• **LISTED ENTRIES**
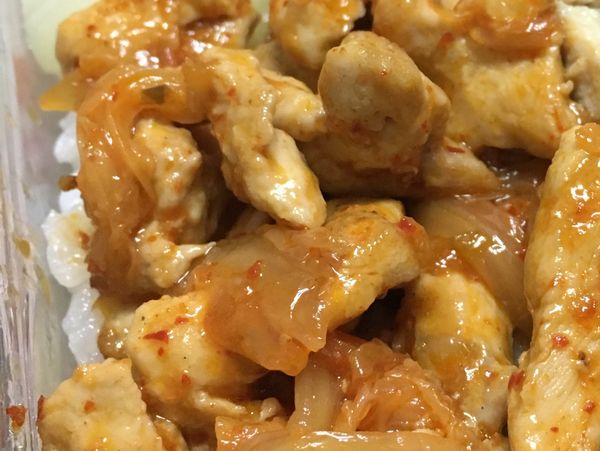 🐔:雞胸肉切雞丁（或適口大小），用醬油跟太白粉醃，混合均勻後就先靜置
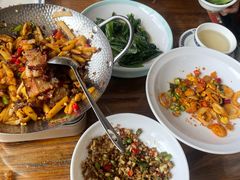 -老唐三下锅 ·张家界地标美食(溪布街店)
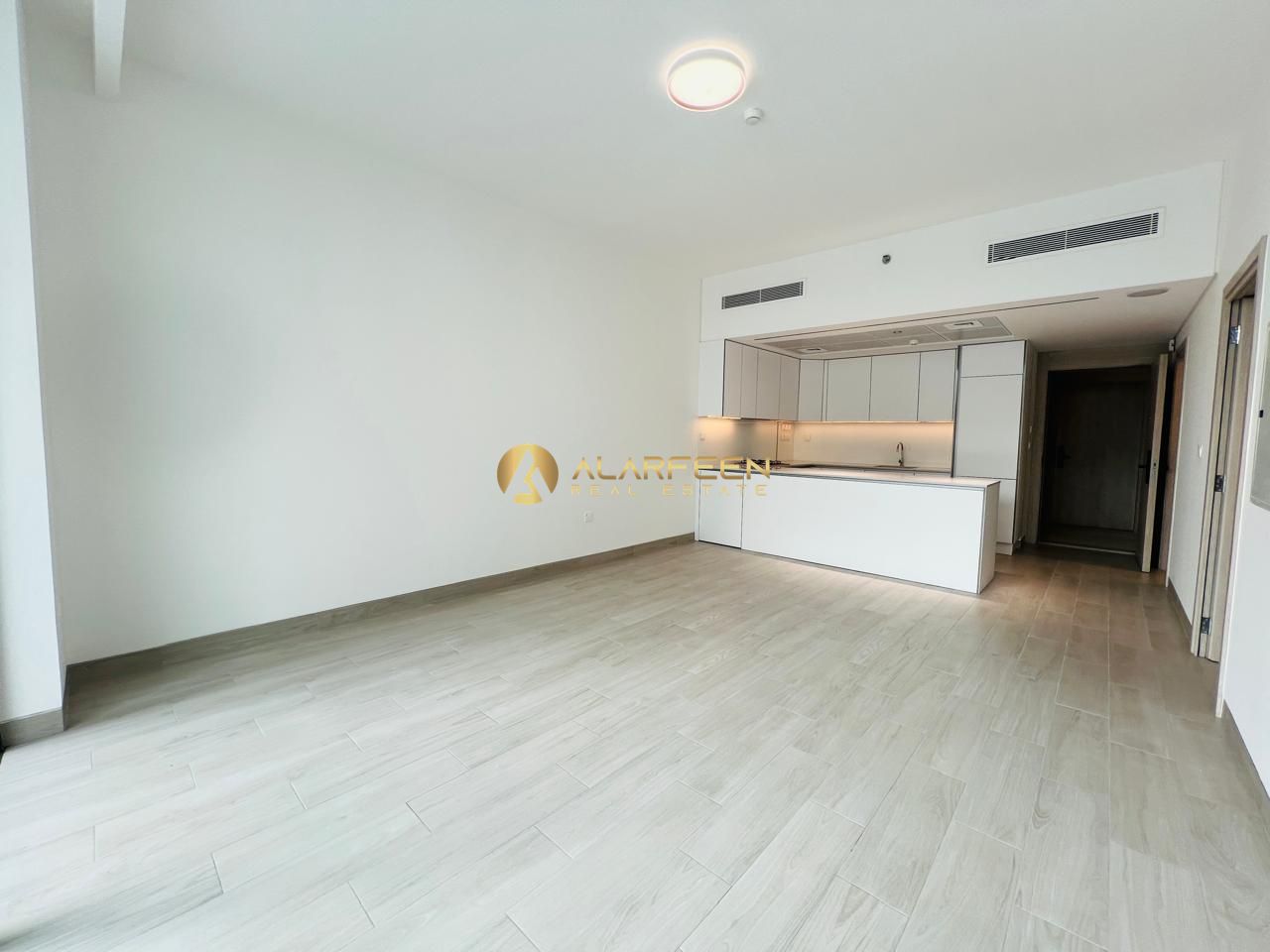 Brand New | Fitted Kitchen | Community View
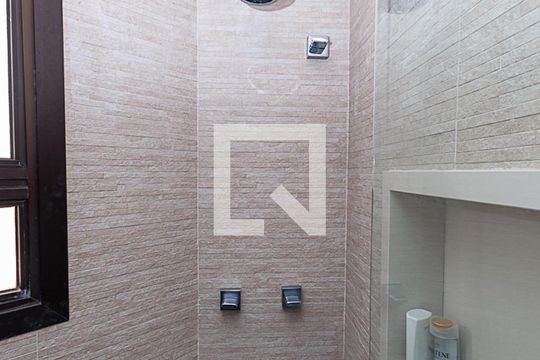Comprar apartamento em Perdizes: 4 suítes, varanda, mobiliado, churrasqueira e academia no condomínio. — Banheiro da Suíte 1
==
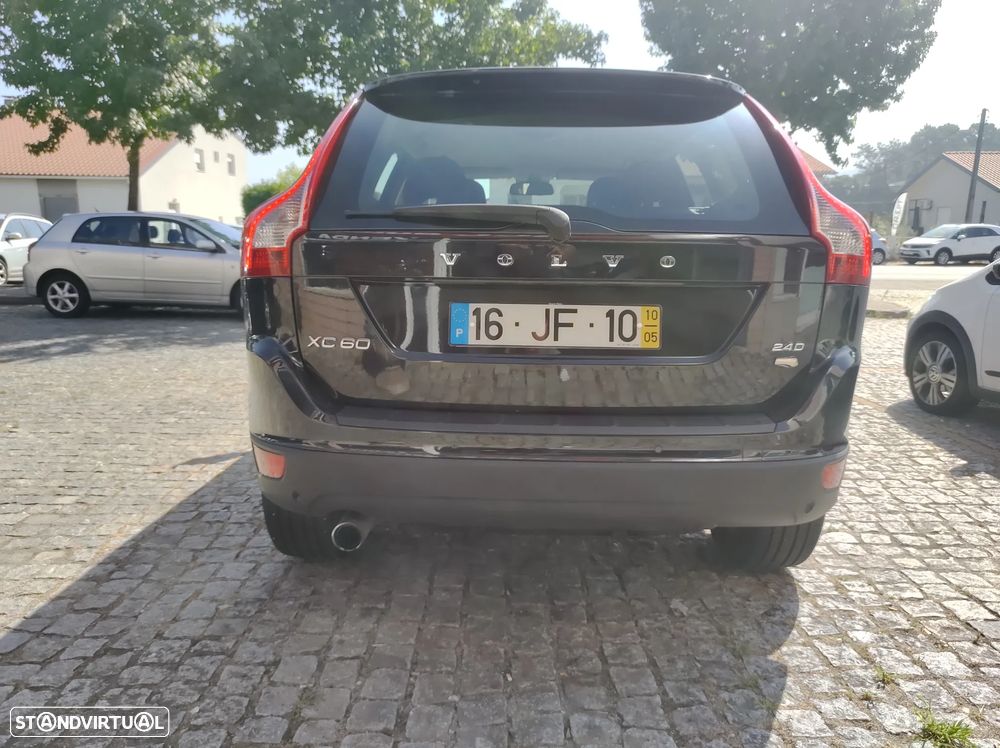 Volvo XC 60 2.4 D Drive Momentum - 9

• **TASK DESCRIPTION**
Exact copy, no pictures. Write out the lines in the entries above, starting with the line with "Brand New | Fitted Kitchen | Community View" and going on through the line with "Comprar apartamento em", keeping both.

• **REPLY TO THE EXERCISE**
 Brand New | Fitted Kitchen | Community View
Comprar apartamento em Perdizes: 4 suítes, varanda, mobiliado, churrasqueira e academia no condomínio. — Banheiro da Suíte 1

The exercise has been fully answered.